Task statement:
Look through the records below for the line holding "decora Decora pistache pasta 100gr". Write it out exactly, with each following line through the line holding "Samurai X Trust & Betrayal, DVD".

(Stored records)
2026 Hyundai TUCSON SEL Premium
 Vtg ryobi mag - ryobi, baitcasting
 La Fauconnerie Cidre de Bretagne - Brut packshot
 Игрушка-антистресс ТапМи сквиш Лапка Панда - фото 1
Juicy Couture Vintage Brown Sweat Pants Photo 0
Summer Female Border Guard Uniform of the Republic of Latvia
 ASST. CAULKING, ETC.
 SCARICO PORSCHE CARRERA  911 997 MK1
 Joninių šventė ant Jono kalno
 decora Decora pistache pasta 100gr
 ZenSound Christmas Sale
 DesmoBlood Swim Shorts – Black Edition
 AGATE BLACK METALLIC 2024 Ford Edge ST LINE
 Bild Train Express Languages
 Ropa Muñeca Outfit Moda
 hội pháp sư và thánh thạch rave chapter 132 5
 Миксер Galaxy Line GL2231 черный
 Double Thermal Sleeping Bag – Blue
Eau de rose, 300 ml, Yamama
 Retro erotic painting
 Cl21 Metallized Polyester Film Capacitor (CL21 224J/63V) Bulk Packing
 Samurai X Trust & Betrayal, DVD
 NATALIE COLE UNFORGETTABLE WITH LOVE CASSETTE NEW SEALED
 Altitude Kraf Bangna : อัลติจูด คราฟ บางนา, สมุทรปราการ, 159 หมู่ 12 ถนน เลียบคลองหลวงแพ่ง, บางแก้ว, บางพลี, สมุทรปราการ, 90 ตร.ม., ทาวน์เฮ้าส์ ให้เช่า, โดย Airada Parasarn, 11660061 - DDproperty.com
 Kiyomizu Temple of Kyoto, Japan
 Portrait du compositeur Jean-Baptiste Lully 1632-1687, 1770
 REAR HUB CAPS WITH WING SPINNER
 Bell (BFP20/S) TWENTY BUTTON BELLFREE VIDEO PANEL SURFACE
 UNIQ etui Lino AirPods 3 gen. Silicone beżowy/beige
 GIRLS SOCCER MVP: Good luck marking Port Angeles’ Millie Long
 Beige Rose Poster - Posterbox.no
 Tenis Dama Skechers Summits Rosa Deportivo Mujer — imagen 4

Completed task:
 decora Decora pistache pasta 100gr
 ZenSound Christmas Sale
 DesmoBlood Swim Shorts – Black Edition
 AGATE BLACK METALLIC 2024 Ford Edge ST LINE
 Bild Train Express Languages
 Ropa Muñeca Outfit Moda
 hội pháp sư và thánh thạch rave chapter 132 5
 Миксер Galaxy Line GL2231 черный
 Double Thermal Sleeping Bag – Blue
Eau de rose, 300 ml, Yamama
 Retro erotic painting
 Cl21 Metallized Polyester Film Capacitor (CL21 224J/63V) Bulk Packing
 Samurai X Trust & Betrayal, DVD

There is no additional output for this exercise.